The opinion of the court was delivered by: David G. Larimer United States District Judge
Plaintiff, a former employee of defendant Ultralife Batteries, Inc. ("Ultralife"), brings this action alleging that Ultralife terminated his employment in retaliation for his complaint about a sexually inappropriate comment in the workplace, in violation of Title VII of the Civil Rights Act of 1964 ("Title VII"), 42 U.S.C. §2000 et seq., and the New York State Human Rights Law, N.Y. Exec. Law §290 et seq.

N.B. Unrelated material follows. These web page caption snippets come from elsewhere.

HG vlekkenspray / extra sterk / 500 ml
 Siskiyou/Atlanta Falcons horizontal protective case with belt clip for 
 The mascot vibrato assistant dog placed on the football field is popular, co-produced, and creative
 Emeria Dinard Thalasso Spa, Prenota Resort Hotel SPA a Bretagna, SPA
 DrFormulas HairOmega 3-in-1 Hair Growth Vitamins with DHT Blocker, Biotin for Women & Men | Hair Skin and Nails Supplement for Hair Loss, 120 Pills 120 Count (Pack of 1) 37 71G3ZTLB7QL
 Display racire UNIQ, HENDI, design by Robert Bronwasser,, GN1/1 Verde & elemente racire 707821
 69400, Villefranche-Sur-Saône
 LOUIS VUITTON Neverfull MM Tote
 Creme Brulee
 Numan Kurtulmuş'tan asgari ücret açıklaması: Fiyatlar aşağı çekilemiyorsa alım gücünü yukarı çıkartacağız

Plaintiff was initially employed by Ultralife in November of 1998, ultimately attaining the position of ERP/MARO Manager, which he occupied from 2004-2006. In 2004, Ultralife hired an outside employee, Doug Sengillo ("Sengillo") into the position of Materials Manager, supervising plaintiff and others. The working relationship between Sengillo and plaintiff was "sometimes difficult," and the two periodically disagreed over work-related issues. (Dkt. #15, Att. 1, Exh. A at 41, 42).
In December 2005, plaintiff, Sengillo, and purchasing agent Kevin Howell ("Howell") participated in a conference at Ultralife. Upon learning that a fourth employee would not be attending or phoning in because he was vacationing with his girlfriend, Sengillo commented that the employee was "probably getting his brains f-ed out." Plaintiff complained about the vulgar comment to Ultralife Human Resource Manager Samantha Derrick ("Derrick"). Derrick instructed plaintiff that she would investigate, but warned him that she could not promise to keep his complaint 100% confidential.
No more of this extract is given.